4. Mathematical formulation
The canonical federated learning problem involves learning a single, global statistical model from data stored on tens to potentially millions of remote devices. Mathematically, FL can be formulated in the following way:
\[\begin{gathered} \min\limits_w F(w)\\ J(w):= \sum_{m=1}^M p_m J_m (w) \end{gathered}\]where:
- $M$ is the total number of devices or clients
- $J_m$ is the local objective function for the $m$-th device or client
- $p_m$ specifies the relative impact of each device with $p_m \geq 0$ and $\sum_{m=1}^M p_m =1$. The relative impact of each device $p_m$ is user-defined, with two natural settings being $p_m = \frac{1}{m}$ or $p_m = \frac{n_m}{n}$, where $n$ is the total number of samples over all devices.

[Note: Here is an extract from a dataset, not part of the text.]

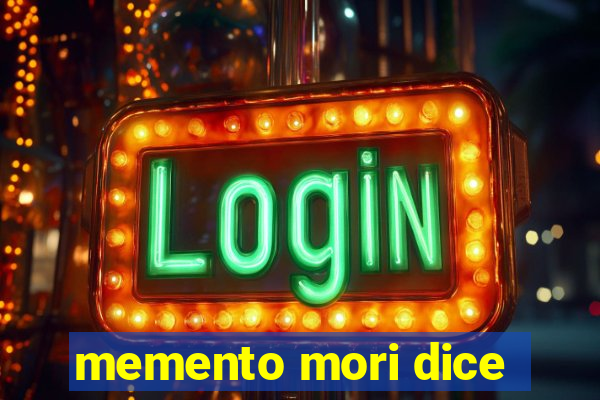 memento mori dice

- $J_m(w)$ is defined as the empirical risk over local data, i.e., $J_m(w) = \frac{1}{n_m} \sum_{m=1}^M \sum_{i=1}^{n(m)} \sum_{k=1}^c \mu_{[m]ik} |x_{[m]i} - a_{[m]k}|^2$
Intuitively, local training (no FL participation) and FedAvg (full FL participation) can be viewed as two ends of a personalization spectrum with identical privacy costs. More concretely, each local update step takes the following form (mean-regularized multi-task learning (MR-MTL)):
\[\begin{gathered} w_m^{t+1} = w_m^{(t)} - \eta \bigg( \zeta \bigg)\\ \zeta = {\underbrace{g_m^{(t)}}_{\text{private data gradient}}} + {\overbrace{\lambda (w_m^{(t)} - \bar{w}^{(t)})}^{\text{mean-regularization}}} \end{gathered}\]where the hyperparameter $\lambda$ serves as a smooth knob between local training and FedAvg: $\lambda=0$ recovers local training, and a larger $\lambda$ forces the personalized models to be closer to each other (intuitively, “Federate More”).
Tolerant to dropped devices or clients: An alternative approach involves actively selecting participating devices at each round.